WHAT THIS TASK INVOLVES:
Go to the line holding "Gucci Small GG" in the entries below and write out exactly every line down to and including the line holding "Colección de productos".

━━━━━ THE RECORDS ━━━━━

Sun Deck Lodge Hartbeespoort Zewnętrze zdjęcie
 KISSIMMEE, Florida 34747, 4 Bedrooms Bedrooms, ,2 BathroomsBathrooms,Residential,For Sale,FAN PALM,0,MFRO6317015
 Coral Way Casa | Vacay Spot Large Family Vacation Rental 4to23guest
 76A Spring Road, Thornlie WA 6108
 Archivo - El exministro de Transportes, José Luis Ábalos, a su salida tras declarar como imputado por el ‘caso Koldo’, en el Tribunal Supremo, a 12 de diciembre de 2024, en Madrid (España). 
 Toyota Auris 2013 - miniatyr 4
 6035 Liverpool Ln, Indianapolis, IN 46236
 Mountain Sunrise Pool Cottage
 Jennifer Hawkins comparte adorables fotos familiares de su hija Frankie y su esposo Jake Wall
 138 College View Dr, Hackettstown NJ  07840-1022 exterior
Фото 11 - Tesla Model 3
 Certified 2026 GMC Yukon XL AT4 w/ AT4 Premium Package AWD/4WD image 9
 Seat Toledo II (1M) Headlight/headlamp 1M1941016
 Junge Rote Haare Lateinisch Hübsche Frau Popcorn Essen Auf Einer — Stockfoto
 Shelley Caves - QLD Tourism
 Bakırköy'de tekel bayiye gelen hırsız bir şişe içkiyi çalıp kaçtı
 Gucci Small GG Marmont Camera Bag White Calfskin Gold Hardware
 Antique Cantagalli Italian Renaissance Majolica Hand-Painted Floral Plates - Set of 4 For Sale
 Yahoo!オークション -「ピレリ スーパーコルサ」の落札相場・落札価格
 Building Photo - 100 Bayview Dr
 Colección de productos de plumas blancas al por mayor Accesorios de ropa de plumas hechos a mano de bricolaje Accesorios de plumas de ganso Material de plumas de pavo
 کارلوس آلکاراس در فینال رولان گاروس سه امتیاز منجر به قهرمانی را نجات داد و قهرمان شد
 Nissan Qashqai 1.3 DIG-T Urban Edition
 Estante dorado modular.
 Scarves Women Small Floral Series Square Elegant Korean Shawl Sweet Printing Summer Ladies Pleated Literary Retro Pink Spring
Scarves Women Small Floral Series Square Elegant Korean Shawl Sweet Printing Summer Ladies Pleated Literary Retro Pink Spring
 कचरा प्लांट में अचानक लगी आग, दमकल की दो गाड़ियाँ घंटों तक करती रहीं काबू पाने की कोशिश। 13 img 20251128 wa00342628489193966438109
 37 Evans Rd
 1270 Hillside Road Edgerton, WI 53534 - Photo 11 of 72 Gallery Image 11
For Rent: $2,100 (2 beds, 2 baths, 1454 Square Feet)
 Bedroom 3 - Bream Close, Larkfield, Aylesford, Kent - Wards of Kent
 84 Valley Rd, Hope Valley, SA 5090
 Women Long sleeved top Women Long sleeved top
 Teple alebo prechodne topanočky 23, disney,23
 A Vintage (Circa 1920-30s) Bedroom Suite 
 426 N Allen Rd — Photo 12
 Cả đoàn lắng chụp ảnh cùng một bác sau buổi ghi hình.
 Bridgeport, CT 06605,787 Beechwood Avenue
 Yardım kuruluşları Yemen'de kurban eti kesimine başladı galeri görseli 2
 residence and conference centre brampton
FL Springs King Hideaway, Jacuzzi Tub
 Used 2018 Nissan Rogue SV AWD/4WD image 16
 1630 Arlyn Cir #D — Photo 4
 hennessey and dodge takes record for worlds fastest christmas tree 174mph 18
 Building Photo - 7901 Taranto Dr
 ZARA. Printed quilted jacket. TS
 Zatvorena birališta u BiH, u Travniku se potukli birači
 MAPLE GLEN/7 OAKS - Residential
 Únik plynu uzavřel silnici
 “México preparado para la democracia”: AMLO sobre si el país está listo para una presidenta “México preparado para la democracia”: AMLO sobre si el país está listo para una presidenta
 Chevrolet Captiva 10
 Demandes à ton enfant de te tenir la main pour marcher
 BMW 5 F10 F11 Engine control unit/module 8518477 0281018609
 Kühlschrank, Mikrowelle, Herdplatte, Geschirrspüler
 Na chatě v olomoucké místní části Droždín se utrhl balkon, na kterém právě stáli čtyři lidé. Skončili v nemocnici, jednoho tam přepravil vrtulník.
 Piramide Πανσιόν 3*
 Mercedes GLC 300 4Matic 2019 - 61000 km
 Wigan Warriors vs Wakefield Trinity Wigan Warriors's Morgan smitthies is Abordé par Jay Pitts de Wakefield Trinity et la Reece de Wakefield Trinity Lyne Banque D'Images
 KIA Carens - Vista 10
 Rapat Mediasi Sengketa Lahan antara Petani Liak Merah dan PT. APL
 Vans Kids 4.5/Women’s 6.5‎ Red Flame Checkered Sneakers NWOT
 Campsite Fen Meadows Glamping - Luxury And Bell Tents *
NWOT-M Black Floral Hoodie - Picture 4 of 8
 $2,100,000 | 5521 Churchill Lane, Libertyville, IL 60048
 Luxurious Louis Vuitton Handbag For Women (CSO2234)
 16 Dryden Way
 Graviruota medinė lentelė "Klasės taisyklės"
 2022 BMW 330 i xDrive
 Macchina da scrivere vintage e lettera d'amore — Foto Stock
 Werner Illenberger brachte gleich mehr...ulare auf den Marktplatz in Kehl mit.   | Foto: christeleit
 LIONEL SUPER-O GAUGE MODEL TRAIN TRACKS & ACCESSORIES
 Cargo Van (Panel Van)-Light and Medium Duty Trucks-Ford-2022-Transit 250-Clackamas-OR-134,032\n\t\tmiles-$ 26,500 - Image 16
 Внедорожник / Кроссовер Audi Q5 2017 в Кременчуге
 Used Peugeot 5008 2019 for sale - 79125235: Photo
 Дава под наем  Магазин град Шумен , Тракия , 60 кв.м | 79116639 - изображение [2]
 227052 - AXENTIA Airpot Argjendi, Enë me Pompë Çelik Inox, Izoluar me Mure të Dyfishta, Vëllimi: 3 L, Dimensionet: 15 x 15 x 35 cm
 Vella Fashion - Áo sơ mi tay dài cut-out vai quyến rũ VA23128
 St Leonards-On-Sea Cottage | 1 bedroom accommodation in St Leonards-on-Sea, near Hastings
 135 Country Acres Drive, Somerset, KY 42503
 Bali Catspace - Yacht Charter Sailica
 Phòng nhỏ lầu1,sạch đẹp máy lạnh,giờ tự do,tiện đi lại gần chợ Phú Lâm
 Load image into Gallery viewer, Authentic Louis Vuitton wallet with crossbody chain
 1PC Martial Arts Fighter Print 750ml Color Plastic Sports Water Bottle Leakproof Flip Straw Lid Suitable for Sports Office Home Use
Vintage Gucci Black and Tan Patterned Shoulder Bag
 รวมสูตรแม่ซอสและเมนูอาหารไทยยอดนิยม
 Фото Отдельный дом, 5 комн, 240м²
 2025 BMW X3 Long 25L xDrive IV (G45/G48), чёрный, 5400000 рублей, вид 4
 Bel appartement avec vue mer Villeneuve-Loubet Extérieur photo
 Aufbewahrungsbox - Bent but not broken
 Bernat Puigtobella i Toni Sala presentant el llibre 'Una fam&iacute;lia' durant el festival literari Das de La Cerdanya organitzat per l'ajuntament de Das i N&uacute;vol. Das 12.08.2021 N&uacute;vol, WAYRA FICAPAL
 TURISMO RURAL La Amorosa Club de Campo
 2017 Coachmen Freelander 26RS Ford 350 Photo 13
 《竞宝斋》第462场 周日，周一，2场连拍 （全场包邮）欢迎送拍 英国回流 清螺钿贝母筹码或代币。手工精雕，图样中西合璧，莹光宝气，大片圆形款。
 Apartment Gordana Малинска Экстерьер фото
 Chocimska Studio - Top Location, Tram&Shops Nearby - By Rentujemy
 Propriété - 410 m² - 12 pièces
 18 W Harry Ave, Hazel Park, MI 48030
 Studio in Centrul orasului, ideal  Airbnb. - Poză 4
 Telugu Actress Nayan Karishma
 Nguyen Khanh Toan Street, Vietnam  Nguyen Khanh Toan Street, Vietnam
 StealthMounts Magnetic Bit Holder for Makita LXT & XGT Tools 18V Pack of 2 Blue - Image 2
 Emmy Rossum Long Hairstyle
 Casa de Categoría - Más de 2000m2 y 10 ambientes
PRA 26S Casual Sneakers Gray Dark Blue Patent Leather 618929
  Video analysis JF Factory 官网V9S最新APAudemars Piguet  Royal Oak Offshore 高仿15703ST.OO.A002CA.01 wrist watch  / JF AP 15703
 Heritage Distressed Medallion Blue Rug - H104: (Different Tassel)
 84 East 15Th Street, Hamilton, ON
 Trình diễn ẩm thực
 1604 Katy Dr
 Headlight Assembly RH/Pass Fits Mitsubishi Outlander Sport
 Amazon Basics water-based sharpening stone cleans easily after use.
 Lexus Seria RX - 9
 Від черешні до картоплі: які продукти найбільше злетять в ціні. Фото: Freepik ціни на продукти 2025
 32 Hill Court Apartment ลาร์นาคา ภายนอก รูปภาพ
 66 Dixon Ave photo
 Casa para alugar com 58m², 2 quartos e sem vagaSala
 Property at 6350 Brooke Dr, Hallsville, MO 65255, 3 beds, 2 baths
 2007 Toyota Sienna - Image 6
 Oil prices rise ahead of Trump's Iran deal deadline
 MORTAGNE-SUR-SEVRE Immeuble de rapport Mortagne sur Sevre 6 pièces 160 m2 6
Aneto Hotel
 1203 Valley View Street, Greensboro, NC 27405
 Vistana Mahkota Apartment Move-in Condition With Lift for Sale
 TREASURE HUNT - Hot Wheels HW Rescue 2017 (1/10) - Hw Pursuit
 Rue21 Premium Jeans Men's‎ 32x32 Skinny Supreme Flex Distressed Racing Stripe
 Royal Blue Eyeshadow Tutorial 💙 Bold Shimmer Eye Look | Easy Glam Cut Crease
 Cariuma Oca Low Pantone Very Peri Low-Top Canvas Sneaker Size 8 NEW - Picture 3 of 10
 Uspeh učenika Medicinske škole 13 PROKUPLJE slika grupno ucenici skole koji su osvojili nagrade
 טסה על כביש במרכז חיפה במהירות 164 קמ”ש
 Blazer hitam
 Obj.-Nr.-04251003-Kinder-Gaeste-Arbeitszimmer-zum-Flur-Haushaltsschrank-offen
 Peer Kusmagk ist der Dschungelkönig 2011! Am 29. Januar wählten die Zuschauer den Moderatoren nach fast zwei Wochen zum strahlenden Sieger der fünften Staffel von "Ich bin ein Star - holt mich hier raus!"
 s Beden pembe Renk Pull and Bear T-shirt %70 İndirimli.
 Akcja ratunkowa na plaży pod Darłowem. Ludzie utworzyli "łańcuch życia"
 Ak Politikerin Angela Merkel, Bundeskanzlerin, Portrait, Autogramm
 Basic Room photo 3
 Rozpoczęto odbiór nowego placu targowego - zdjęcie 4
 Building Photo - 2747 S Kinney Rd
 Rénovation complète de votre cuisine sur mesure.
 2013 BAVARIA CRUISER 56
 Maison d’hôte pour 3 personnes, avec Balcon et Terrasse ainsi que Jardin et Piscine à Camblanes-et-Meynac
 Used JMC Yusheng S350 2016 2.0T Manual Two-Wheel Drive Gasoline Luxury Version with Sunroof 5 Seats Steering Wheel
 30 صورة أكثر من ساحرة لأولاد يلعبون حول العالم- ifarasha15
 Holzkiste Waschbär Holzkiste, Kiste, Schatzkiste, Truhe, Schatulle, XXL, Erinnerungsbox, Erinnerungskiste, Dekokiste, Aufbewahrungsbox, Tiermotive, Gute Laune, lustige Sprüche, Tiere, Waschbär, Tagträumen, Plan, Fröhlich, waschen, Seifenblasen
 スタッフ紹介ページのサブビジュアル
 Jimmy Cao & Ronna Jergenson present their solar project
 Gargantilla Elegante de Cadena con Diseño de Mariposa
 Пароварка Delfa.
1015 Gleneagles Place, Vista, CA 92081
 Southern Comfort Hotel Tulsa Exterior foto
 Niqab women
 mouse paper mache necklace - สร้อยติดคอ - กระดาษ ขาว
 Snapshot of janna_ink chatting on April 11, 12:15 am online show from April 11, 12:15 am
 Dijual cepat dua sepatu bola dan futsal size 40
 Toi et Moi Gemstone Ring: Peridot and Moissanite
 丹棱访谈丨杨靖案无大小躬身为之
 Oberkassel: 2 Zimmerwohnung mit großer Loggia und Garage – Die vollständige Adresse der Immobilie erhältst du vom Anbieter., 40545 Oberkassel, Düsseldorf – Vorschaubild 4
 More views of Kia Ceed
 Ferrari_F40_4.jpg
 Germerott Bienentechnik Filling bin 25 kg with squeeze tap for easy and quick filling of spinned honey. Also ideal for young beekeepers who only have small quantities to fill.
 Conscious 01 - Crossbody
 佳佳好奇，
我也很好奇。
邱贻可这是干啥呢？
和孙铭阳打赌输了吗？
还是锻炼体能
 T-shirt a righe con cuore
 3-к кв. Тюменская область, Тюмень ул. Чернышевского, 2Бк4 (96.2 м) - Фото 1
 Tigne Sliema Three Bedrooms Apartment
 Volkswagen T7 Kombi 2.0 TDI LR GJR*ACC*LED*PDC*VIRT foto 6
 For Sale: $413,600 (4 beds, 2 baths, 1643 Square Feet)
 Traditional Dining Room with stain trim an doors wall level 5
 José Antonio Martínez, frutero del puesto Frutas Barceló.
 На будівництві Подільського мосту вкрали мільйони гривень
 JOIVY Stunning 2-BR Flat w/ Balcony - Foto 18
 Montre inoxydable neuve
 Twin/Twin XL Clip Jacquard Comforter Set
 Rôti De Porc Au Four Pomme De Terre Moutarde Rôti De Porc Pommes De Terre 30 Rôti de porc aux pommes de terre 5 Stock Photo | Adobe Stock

━━━━━

ANSWER SECTION:
 Gucci Small GG Marmont Camera Bag White Calfskin Gold Hardware
 Antique Cantagalli Italian Renaissance Majolica Hand-Painted Floral Plates - Set of 4 For Sale
 Yahoo!オークション -「ピレリ スーパーコルサ」の落札相場・落札価格
 Building Photo - 100 Bayview Dr
 Colección de productos de plumas blancas al por mayor Accesorios de ropa de plumas hechos a mano de bricolaje Accesorios de plumas de ganso Material de plumas de pavo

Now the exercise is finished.